Continuiamo la nostra incursione nella storia dei processi agli animali, spostandoci indietro nel tempo fino a un periodo storico di grande subbuglio per il nostro caro vecchio continente: la Rivoluzione Francese.
Vi abbiamo già raccontato qualche giorno fa l’incredibile storia (vera, lo giuriamo!) della scimmia processata per “ubbriachezza” molesta, una vicenda dai toni grottesca degna della America di fine Ottocento. Nulla di cui stupirsi.
Questa volta, ci spostiamo nel cuore dell’Europa e attingiamo a piene mani dal capolavoro letterario di Carlo D’Addosio, la folle miscellanea intitolata Bestie delinquenti pubblicata nel 1892 che abbiamo riscoperto e pubblicato con Le Lucerne.
Impostiamo così la nostra macchina del tempo fino all’epoca della Rivoluzione Francese, e conosciamo due simpatici animali: un cane reazionario e un merlo rivoluzionario.
Ci immaginiamo d’Addosio, anche lui come noi, intento a sfogliare un tomo intitolato Mémoires sur les Prisons, e scovarci la sentenza – datata 27 brumaio anno II (cioè 17 novembre 1793) – di condanna a morte nei confronti di un uomo e del suo cane.
Ci troviamo in pieno Regime del Terrore, un periodo in cui bastava un’accusa, anche infondata, per essere condannati e persino giustiziati come nemici della rivoluzione. Nel caso della nostra storia, bastarono un paio di morsi ben assestati.
Pare che, all’epoca, un tale di nome Saint-Prix avesse coinvolto il suo cagnolino nei propri misfatti, istigandolo a morsicare i polpacci di un venditore di giornali liberali.
Quando l’uomo finì a processo, il povero cane fu ritenuto colpevole tanto quanto il padrone. Anche l’atto del cane costituiva d’altronde una vera e propria “manovra anti-rivoluzionaria”.
Al cane venne riservato un processo ufficiale, tale e quale a quello del suo padrone, avviato dall’accusatore pubblico Antoine Quentin Fouquier de Tinville, feroce magistrato di Robespierre. Ne parlò M. E. Campardon nella sua Histoire du Tribunal Revolutionnaire de Paris, riportando anche l’intero processo verbale. Fu solo al termine del solenne processo che il cane venne ucciso, in presenza di un ispettore di polizia e di un sergente di un vicino posto di guardia.

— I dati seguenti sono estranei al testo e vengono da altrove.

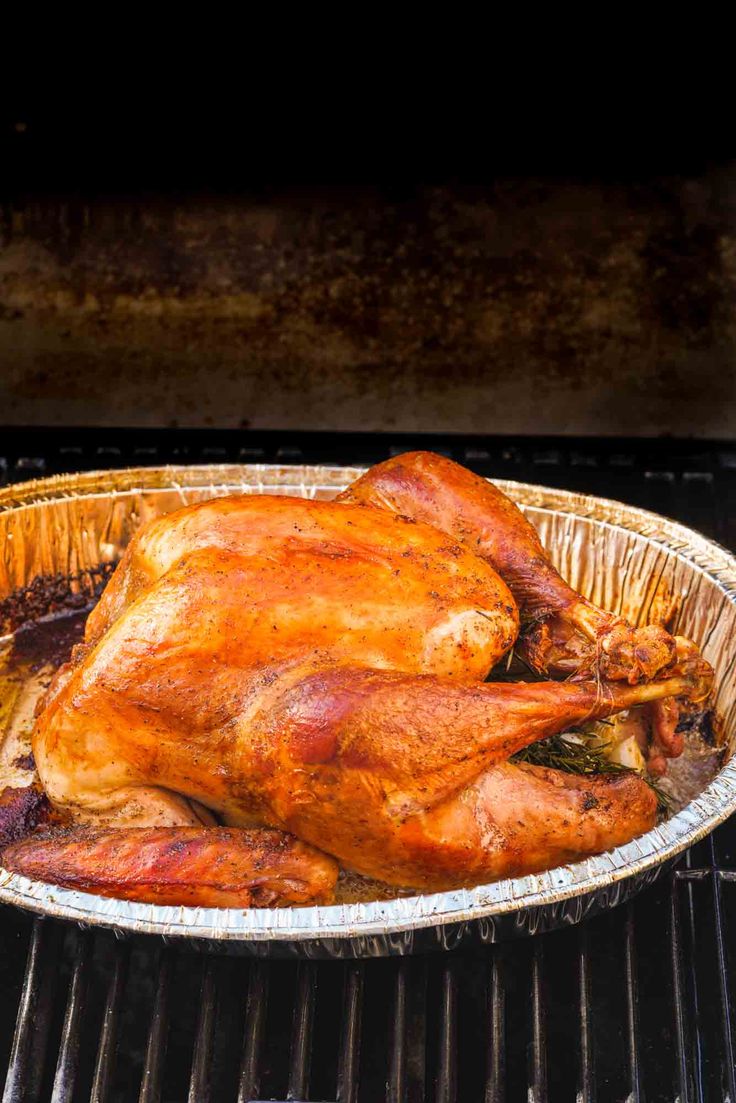 a roasted chicken is on the grill in an aluminum pan, ready to be cooked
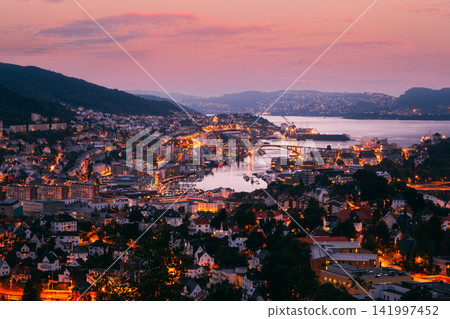 Bergen cityscape and harbor under a soft purple sunset sky. 141997452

D’Addosio si mostra sconvolto quanto noi nel riportare questa vicenda, commentando che “persino gli uomini della rivoluzione francese non si mantennero immuni da tali stupide usanze!”. Anche se c’è da dire che per lo meno al cane era stato concesso un qualche processo, per quanto sommario.
Per fare da controcanto all’accusa nei confronti del cane reazionario, il nostro d’Addosio cita poi un’altra sua lettura, dalle pagine della Storia d’Italia dal 1799 al 1814 di Giovanni De Castro. E infatti questa volta siamo in Italia, precisamente a Milano.
“Durante la reazione austro-russa in Milano, nel 1799, furono incarcerate molte persone innocenti, tra cui un bambino che gridava: Viva la Francia! La commissione di polizia si fè portare innanzi un merlo, che cantava il “Ça ira” e che ripeté la sua lezione innanzi al commissario Bazzetta”.
Un merlo rivoluzionario, quindi. Di lui, però, non ci è dato sapere se fu sottoposto a processo, né che fine abbia fatto. Se però volete farvi una idea su cosa stesse cantando, vi suggeriamo la versione di Édith Piaf.